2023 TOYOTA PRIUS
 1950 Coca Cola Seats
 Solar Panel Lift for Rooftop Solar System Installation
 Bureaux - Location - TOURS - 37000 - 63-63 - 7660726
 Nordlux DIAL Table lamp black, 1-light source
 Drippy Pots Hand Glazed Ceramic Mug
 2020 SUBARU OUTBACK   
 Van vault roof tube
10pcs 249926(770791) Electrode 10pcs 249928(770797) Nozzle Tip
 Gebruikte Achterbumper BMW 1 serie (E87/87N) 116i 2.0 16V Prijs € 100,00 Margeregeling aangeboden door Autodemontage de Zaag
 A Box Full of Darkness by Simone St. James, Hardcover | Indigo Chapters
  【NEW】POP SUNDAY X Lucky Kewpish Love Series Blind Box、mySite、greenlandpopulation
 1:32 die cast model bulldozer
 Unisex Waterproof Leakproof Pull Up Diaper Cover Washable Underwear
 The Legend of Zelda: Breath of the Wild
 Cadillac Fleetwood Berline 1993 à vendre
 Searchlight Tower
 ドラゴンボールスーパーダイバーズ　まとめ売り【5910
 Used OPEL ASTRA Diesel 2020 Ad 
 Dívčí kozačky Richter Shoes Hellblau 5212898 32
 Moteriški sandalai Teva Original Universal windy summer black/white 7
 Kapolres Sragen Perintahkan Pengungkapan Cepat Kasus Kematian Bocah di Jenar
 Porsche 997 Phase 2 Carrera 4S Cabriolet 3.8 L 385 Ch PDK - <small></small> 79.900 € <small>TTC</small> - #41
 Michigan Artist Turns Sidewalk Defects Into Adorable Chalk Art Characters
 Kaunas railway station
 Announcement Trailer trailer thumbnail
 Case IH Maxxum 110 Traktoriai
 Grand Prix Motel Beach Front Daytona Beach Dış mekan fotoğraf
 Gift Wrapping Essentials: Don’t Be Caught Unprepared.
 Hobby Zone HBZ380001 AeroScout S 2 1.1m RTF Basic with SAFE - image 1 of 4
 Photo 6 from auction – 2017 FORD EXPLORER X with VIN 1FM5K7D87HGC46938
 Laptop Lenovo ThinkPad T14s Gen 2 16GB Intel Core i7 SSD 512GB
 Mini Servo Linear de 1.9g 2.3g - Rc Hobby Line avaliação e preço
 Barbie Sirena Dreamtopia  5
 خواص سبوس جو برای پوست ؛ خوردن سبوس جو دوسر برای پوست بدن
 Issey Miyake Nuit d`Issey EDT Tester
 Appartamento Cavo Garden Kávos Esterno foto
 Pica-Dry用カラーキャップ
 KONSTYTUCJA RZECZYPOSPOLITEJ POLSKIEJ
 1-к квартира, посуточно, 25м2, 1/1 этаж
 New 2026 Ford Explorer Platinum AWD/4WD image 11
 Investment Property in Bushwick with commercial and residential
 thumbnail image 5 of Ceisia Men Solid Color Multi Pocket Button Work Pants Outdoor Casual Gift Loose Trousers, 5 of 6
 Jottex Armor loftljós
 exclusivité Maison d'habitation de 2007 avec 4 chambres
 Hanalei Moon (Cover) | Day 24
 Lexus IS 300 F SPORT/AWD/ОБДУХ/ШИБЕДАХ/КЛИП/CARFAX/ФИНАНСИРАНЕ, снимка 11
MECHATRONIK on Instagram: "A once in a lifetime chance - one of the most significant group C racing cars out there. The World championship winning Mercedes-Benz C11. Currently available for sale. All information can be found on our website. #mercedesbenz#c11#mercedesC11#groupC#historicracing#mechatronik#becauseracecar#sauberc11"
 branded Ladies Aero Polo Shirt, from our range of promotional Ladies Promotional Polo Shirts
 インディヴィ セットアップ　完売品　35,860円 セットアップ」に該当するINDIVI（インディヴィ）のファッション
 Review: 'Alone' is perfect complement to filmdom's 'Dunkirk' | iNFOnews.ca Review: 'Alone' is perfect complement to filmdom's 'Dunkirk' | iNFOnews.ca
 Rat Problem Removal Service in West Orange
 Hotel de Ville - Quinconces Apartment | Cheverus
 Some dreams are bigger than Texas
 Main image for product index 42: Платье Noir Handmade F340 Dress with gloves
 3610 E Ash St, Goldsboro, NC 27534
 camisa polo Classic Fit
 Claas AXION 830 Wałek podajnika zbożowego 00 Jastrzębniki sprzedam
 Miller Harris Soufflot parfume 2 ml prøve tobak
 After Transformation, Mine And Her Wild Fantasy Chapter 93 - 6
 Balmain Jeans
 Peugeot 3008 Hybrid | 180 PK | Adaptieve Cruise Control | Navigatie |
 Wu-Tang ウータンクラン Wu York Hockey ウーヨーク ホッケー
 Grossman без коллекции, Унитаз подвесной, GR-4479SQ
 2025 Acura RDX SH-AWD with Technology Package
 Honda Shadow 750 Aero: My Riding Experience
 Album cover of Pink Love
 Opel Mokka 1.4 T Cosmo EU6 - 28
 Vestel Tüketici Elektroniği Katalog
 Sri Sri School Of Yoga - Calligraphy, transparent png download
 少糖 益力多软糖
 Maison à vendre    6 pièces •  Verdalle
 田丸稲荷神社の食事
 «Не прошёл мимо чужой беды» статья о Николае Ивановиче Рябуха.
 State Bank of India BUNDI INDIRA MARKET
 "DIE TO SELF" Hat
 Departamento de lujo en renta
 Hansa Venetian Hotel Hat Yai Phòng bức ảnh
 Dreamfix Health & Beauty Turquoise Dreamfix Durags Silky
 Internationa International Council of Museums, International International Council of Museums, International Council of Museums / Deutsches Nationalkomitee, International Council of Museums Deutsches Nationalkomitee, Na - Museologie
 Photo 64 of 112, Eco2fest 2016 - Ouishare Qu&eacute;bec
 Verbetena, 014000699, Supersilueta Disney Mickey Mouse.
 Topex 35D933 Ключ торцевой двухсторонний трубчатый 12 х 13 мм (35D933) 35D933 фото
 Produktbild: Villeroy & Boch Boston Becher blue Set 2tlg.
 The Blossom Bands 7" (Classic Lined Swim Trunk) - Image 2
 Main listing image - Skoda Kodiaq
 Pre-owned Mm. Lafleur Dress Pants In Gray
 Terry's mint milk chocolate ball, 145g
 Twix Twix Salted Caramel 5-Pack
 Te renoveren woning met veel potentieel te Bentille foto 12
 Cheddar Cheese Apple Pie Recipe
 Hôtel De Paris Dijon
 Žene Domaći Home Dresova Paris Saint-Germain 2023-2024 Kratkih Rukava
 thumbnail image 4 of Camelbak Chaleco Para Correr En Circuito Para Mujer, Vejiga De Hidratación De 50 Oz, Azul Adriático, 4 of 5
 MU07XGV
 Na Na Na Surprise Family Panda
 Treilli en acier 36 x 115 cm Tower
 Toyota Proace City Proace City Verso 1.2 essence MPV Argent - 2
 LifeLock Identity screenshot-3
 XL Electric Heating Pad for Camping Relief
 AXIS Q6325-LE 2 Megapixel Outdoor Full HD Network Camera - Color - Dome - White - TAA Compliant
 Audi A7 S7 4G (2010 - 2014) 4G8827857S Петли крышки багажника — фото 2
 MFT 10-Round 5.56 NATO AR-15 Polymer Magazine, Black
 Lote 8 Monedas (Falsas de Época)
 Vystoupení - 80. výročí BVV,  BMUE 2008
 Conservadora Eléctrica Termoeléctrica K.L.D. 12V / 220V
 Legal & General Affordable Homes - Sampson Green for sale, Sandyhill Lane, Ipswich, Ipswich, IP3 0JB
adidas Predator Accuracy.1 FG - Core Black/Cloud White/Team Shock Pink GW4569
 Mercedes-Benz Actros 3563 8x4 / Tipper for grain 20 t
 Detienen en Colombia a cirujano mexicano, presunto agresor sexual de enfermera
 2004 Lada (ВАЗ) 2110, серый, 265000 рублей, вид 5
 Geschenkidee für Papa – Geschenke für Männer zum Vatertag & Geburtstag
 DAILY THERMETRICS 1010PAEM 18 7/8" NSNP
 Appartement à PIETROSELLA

========================================================================

Task objective: All lines from the one that contains "Detienen en Colombia" to the last line above must be given again exactly, with both included and nothing added.

Written solution:
 Detienen en Colombia a cirujano mexicano, presunto agresor sexual de enfermera
 2004 Lada (ВАЗ) 2110, серый, 265000 рублей, вид 5
 Geschenkidee für Papa – Geschenke für Männer zum Vatertag & Geburtstag
 DAILY THERMETRICS 1010PAEM 18 7/8" NSNP
 Appartement à PIETROSELLA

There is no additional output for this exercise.